Rookie quarterback Dak Prescott, who has started every game in the Cowboys’ 11-2 season, is expected to be the Dallas starter for 2017.
Cutting Romo evidently helps the Cowboys’ salary-cap situation for 2017, as CBSsports.com explains:
“If the Cowboys elected to make him a post-June 1 cut, it would even benefit them in that he’d only count against their books for $12.7 million, as opposed to $19.6 million if he’s traded or released outright, and $24.7 million if he remains on the roster. (They’d be charged the remaining $6.9 million in 2018.)”
CBSsports.com, however, asks, are the Cowboys really going to let Romo leave without trade compensation in the form of a draft pick(s) to save $5 million to $12 million in cap space?
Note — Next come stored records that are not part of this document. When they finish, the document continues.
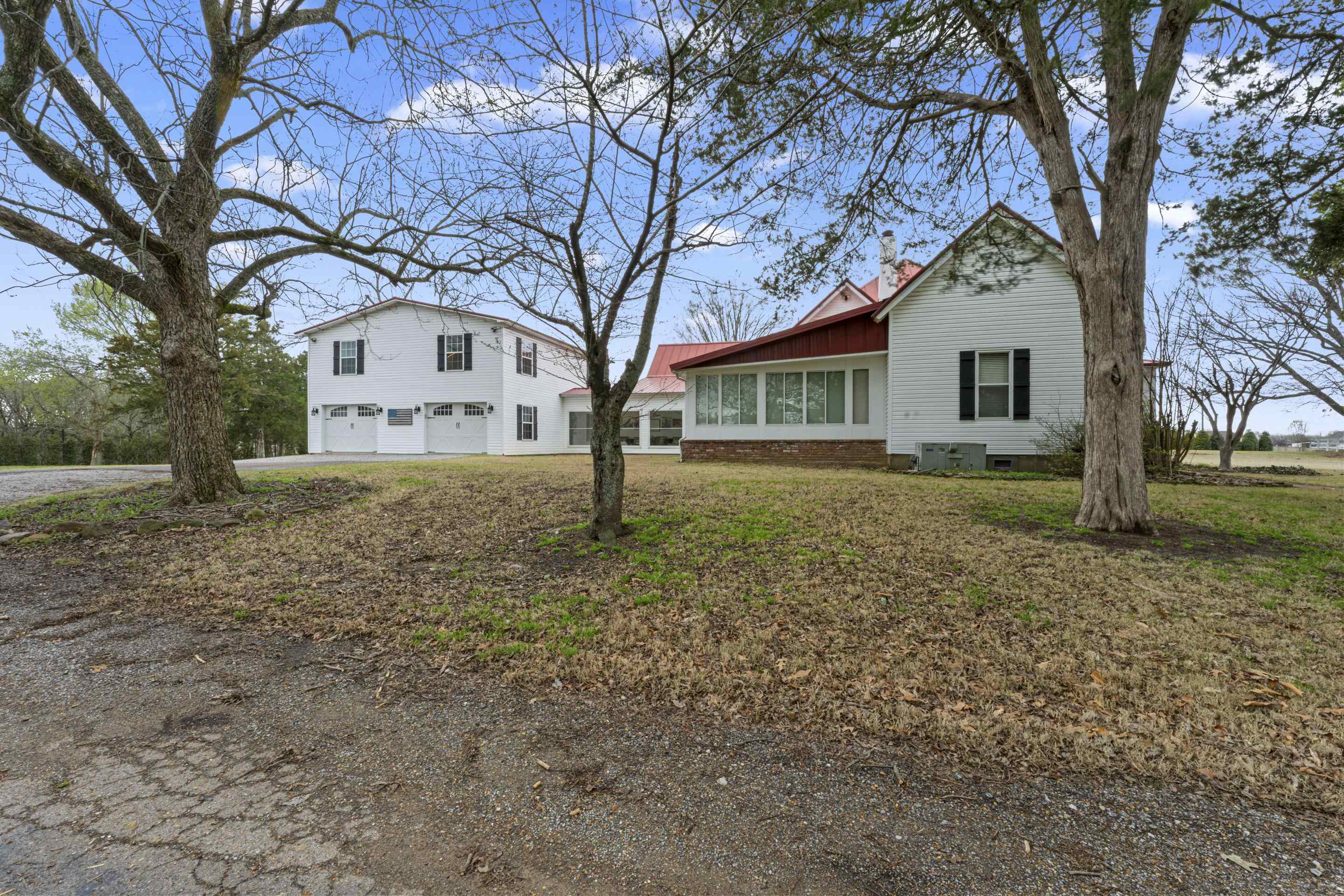 12601 Harrell Road Arlington, TN 38002 - Photo 30 of 40 a front view of a house with a yard and trees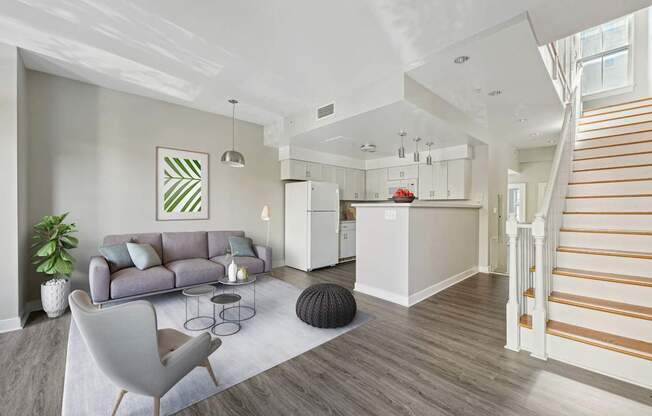 A living room with a grey sofa and a white kitchen in the background.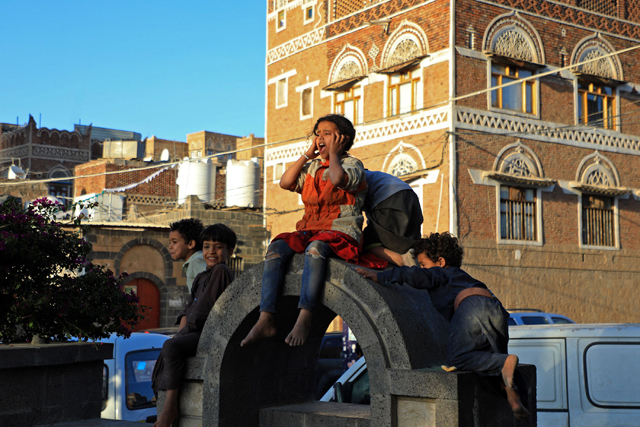 Children play in front of an UNESCO-listed building in the old city of the Yemeni capital Sanaa, on Sunday (AFP photo)
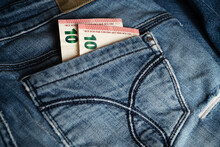 Two Of Ten Euro Banknotes Peek Out From Back Pocket Of Old Blue Jeans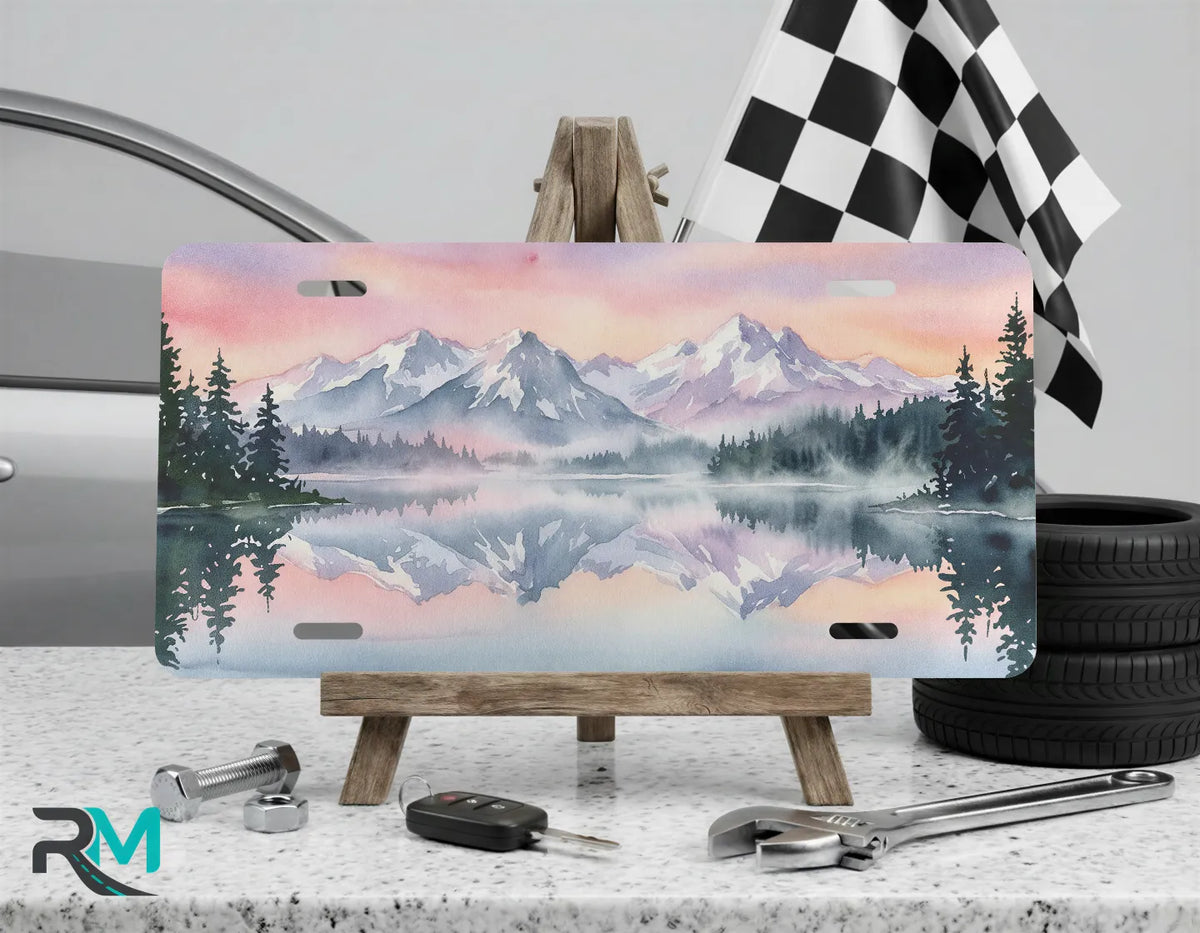 mountain lake vanity plate on display stand — blush pink evergreen reflection license plate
Cowboys owner Jerry Jones has been beating the drum on radio airwaves, stoking the Romo trade value, letting us know that Romo looks great in practice.
CBSsports.com’s Jason La Canfora, in a video report, notes that Sam Bradford went from the Philadelphia Eagles to the Minnesota Vikings for a first- and fourth-round pick, and given the shaky draft/free agent quarterback market, getting something “of note” for Romo seems plausible.
La Canfora: “I know people close to Romo who tell me it’s just as likely he gets back on the field at some point this year and maybe he restructures his contract to stay. This is very much a fluid situation. If Dak Prescott doesn’t play well tonight [Sunday night against the Tampa Bay Buccaneers], I personally believe Jerry Jones makes the change and under those circumstances, who knows what happens.”